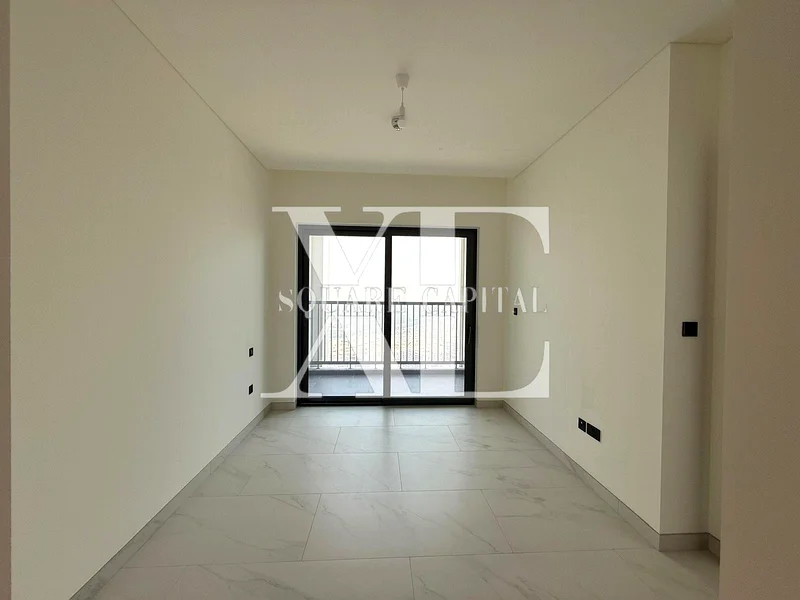 شقة فاخرة من غرفتي نوم + خادمة بإطلالة على المسبح وتقسيط على دفعات63758747334914110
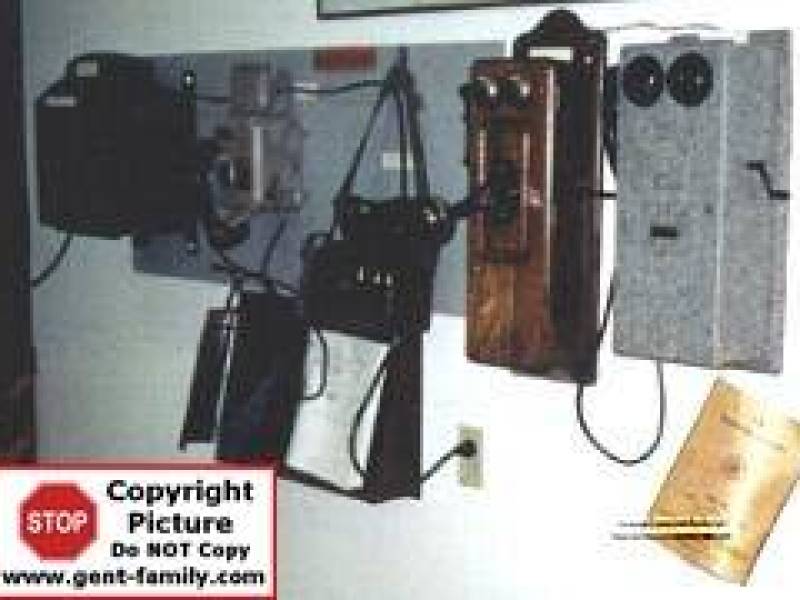 bienfaitmuseumphones.jpg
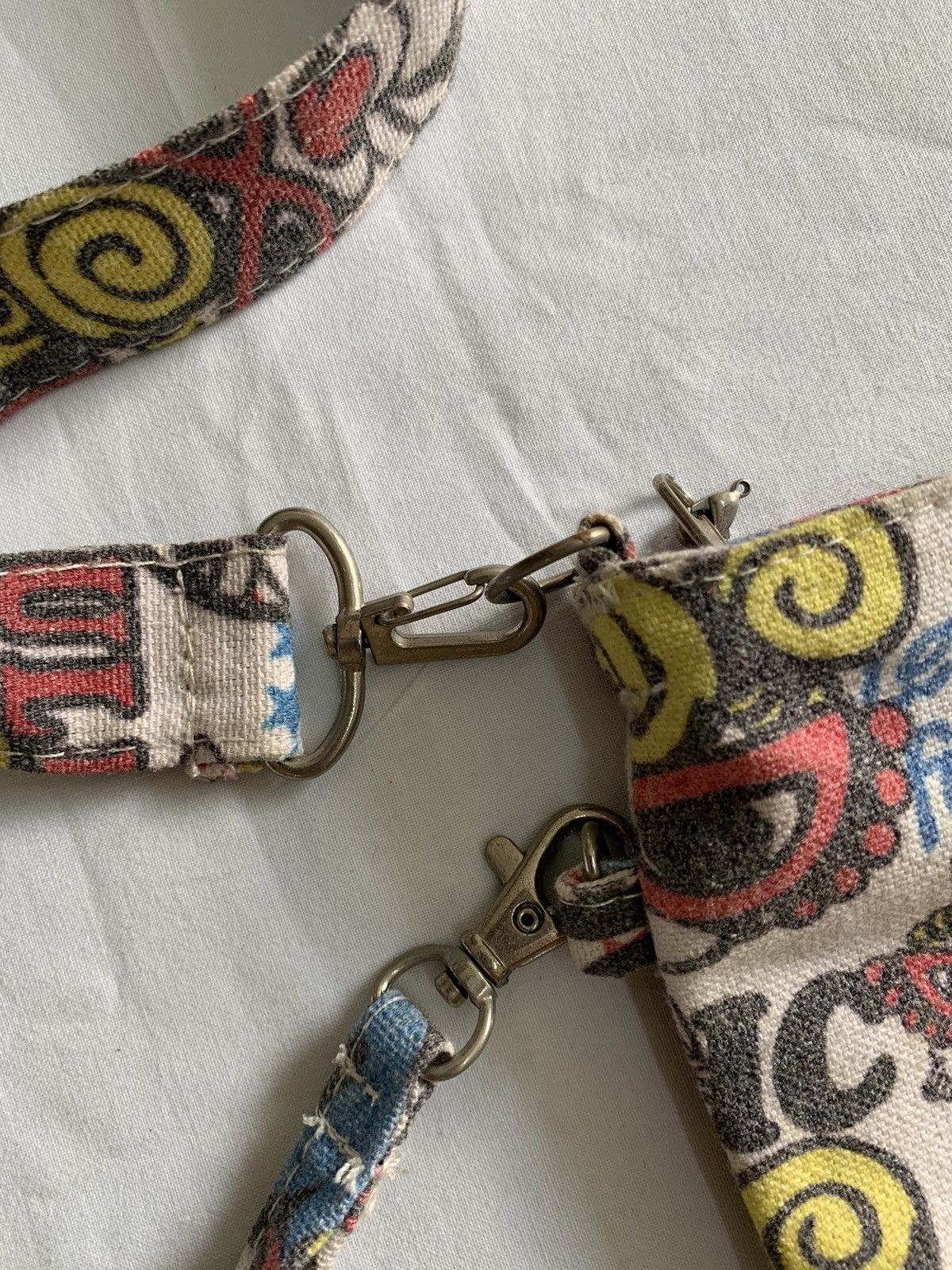 Hysteric Glamour RARE🔥HYSTERIC GLAMOUR OVERPRINT SLING BAG Size ONE SIZE - 3 Thumbnail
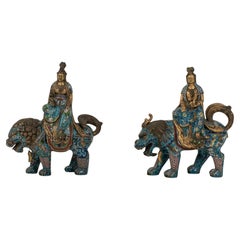 Coppia di figure Cloisonné di cani imperatrice Fu dei primi del Novecento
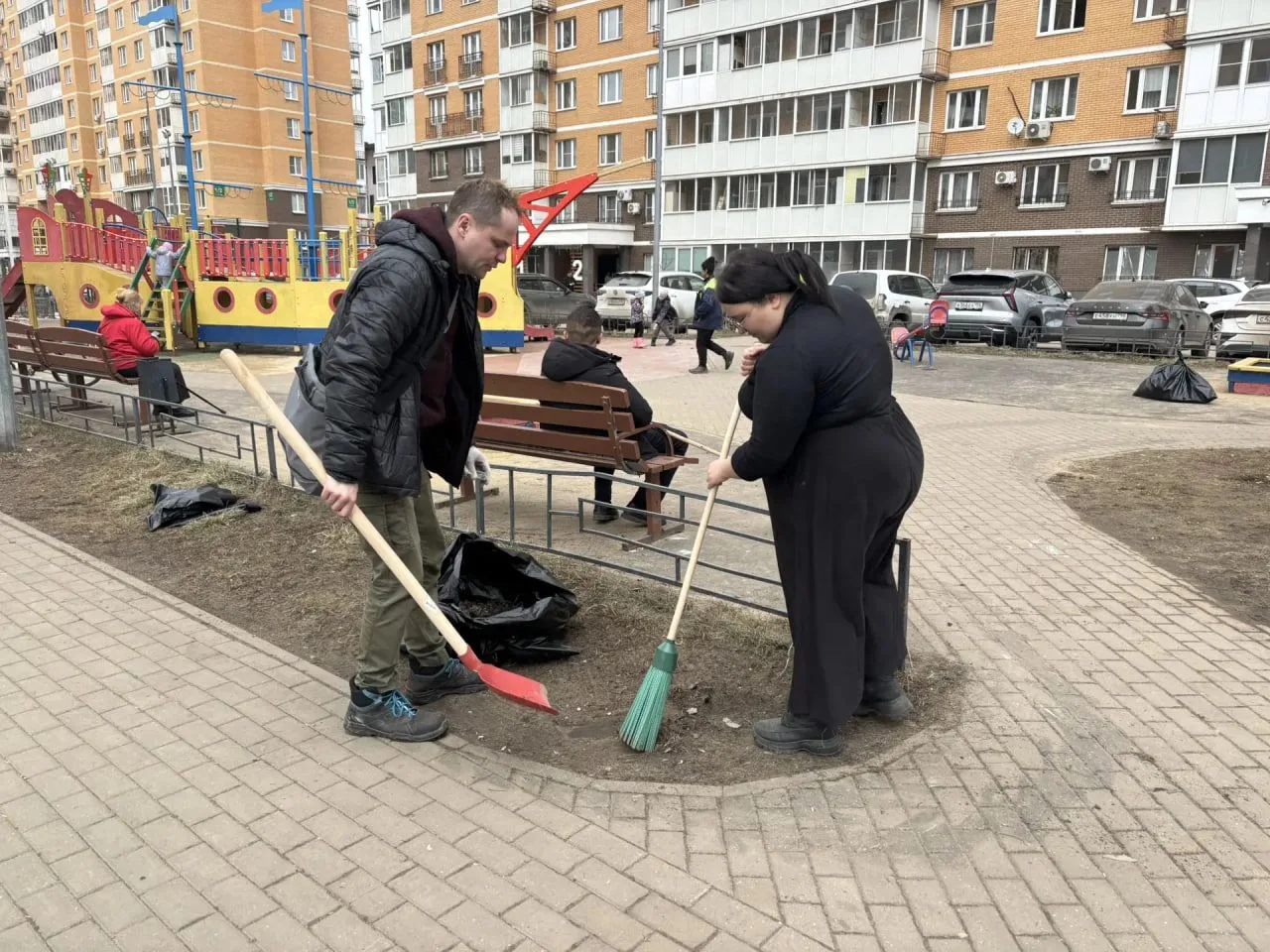 🌿 Сегодня сотрудники УК «Азимут» провели масштабный субботник на обслуживаемой территории  🔧 Что сде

═══

# [EXERCISE PROMPT]
Could you transcribe exactly the lines running from the one with "bienfaitmuseumphones.jpg" to the final line of the material above, both included, with no pictures?

# [RESPONSE FOR THIS EXERCISE]
 bienfaitmuseumphones.jpg
 Hysteric Glamour RARE🔥HYSTERIC GLAMOUR OVERPRINT SLING BAG Size ONE SIZE - 3 Thumbnail
 Coppia di figure Cloisonné di cani imperatrice Fu dei primi del Novecento
 🌿 Сегодня сотрудники УК «Азимут» провели масштабный субботник на обслуживаемой территории  🔧 Что сде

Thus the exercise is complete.